Collaborative projects online/ in the field: Students can team up either online or face-to-face to work on collaborative projects. Desktop and mobile conferencing tools like FaceTime, Facebook Messenger, Adobe Connect, Google Hangout, Skype, and Zoom all provide a free or low-to-no cost solution for learners and partners to meet in real-time video-calls. Just remember that not all software are accessible to all learners. You may need to design accessible solutions depending on the make-up of your course.

 

Rubrics for Grading and Feedback

Digital Rubrics: Blackboard includes an interactive, customizable rubric tool that you can use to attach rubrics to assessments (including discussions) in the learning management system.
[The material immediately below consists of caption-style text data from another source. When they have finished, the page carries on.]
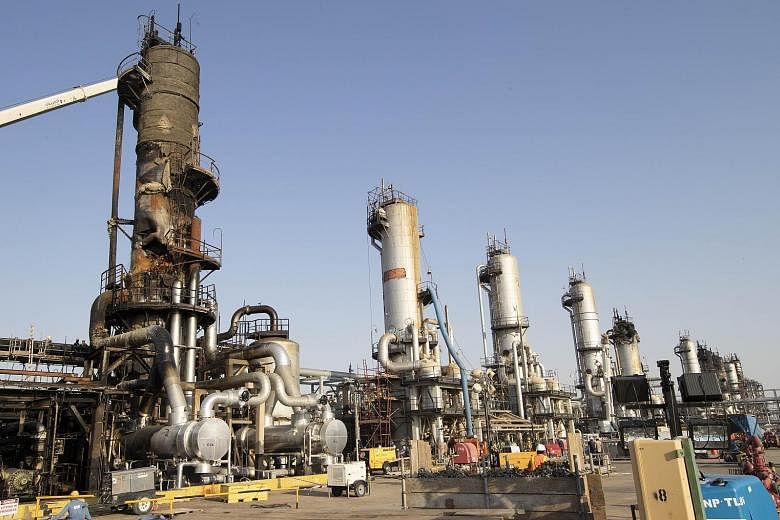 A damaged refining tower (above, left) at Saudi Aramco's Abqaiq crude oil processing plant following a drone attack last month. The pre-dawn attack in Saudi Arabia knocked out more than half of the top global exporter's output: 5 per cent of the worl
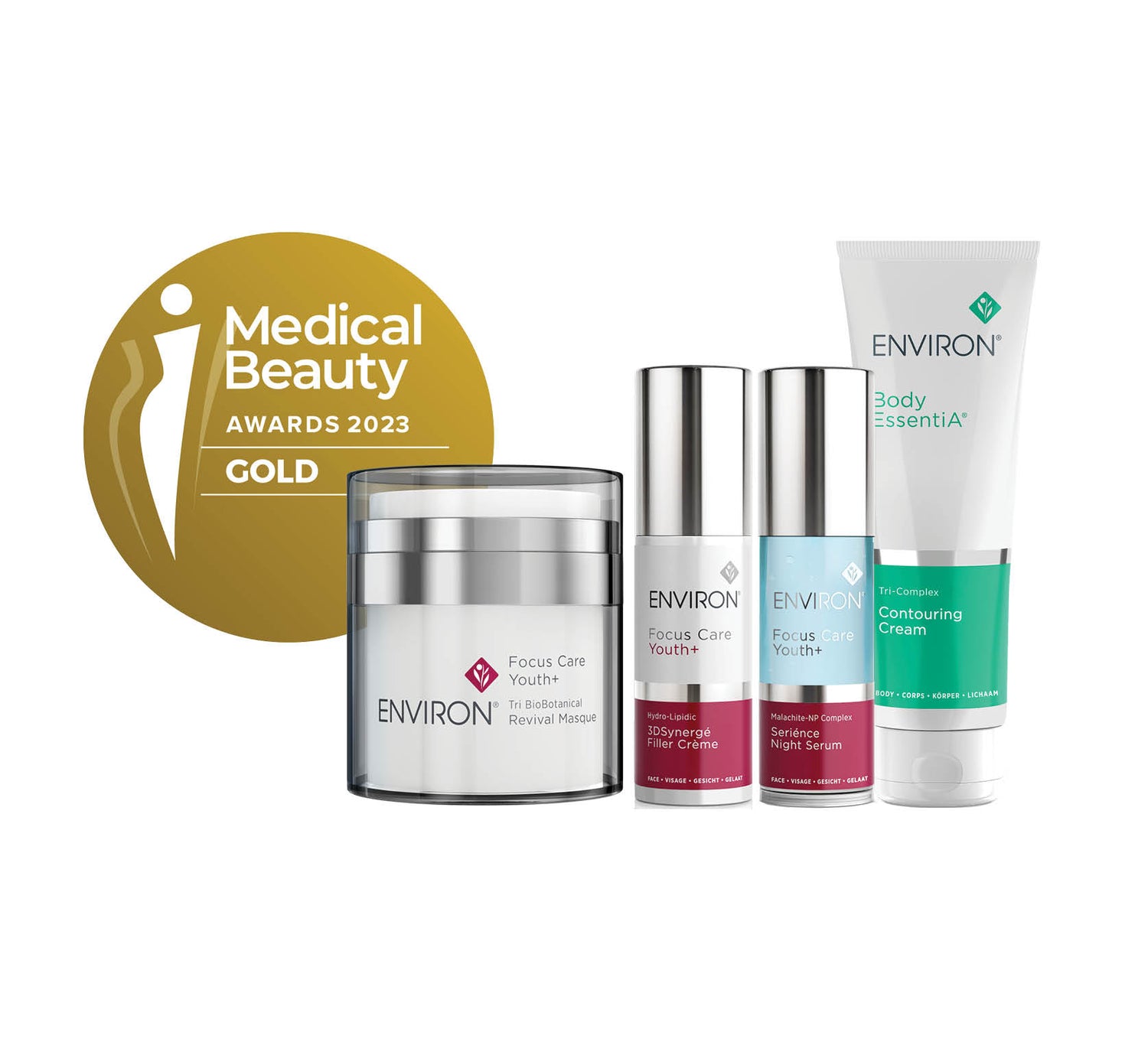 Silver and white environ focus care youth+ skincare set featuring a jar, two serums in glass bottles with metallic caps, and a tube of contouring cream.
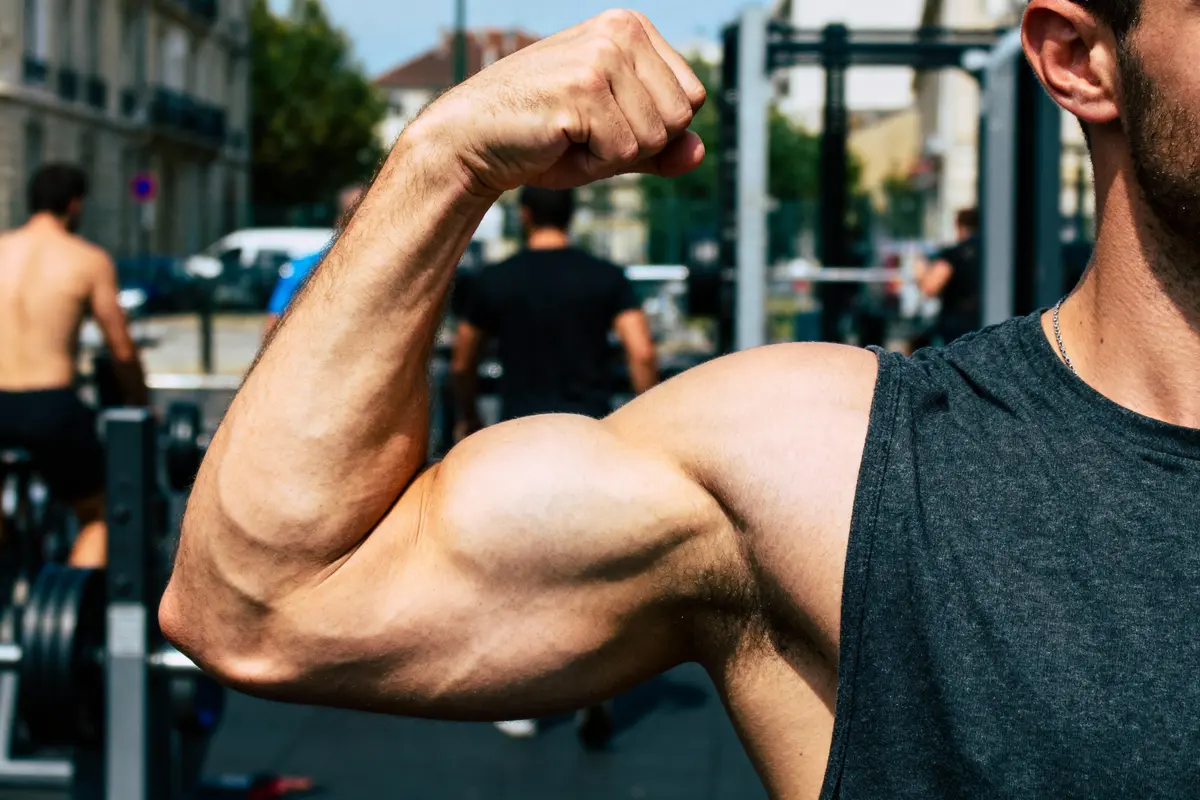 Bras musclé fléchissant à l'extérieur, focus sur biceps. En arrière-plan, personnes pratiquant la musculation.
You can pre-load these rubrics with competencies you wish to assess and text-feedback related to each section and proficiency-level of those competencies.

Text Rubrics: For a low-tech version of using rubrics, you can make a rubric in a text-handout using word-processing software and attach that document to the course site or assignment directly.

 

Intervention Strategies

Retention center: The retention center provides information about student activity that the instructor can use to provide customized and personalized feedback to students, an effective way to establish social presence.

Real-time meetings: You can also intervene with students and even partners by scheduling device or phone conferences with them directly. Because online classes don’t have set meeting times, you can set the stage for meetings by offering a date or time range for your availability, offering virtual office hours, or using scheduling tools like Google Calendar or Doodle Polls to find a mutual meeting time and calling/conferencing then. Sometimes a conversation is the best intervention.